(Records for processing Opens)

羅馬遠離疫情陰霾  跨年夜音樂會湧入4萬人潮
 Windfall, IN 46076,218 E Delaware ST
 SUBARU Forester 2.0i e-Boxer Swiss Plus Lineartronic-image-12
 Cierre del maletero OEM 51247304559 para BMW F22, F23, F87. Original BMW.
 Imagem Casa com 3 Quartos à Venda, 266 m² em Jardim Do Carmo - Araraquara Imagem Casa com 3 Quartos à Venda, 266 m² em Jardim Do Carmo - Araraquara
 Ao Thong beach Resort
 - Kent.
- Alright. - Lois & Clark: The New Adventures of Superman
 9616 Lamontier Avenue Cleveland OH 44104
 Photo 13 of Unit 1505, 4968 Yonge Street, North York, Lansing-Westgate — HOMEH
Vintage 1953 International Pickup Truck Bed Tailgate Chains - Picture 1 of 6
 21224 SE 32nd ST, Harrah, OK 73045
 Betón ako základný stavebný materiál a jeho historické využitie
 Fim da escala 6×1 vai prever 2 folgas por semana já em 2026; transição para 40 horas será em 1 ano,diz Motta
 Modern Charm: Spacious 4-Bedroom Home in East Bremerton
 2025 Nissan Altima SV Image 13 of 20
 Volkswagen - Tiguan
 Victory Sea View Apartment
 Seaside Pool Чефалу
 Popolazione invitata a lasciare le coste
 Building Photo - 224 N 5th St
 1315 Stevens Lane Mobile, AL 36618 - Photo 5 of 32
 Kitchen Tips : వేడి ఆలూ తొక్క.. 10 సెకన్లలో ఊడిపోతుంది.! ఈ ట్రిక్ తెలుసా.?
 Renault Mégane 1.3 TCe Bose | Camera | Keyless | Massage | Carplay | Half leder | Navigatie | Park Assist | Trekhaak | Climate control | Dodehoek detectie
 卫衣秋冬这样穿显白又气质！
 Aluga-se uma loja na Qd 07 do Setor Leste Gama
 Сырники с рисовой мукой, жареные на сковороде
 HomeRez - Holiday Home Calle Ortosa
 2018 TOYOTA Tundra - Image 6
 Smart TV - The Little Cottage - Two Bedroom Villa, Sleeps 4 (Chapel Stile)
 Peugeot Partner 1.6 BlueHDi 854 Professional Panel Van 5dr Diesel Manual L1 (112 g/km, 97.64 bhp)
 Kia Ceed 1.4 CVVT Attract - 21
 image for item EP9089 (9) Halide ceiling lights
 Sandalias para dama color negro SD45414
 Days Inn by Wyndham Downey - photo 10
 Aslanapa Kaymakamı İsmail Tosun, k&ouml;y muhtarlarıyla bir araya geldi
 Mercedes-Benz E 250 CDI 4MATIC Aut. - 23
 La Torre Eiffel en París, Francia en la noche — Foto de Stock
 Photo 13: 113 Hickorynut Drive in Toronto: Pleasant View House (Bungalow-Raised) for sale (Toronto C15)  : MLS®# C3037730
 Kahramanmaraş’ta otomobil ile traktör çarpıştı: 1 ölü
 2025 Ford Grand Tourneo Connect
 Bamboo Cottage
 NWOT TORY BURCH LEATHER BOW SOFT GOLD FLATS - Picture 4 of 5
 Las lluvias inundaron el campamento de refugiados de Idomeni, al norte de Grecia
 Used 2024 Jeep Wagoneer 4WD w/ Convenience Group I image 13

(Records for processing Closes)

The answer should consist of the lines from the one with "Bamboo Cottage" through the last line of the entries, duplicated exactly and nothing more.

§ **Answer to this problem**:
 Bamboo Cottage
 NWOT TORY BURCH LEATHER BOW SOFT GOLD FLATS - Picture 4 of 5
 Las lluvias inundaron el campamento de refugiados de Idomeni, al norte de Grecia
 Used 2024 Jeep Wagoneer 4WD w/ Convenience Group I image 13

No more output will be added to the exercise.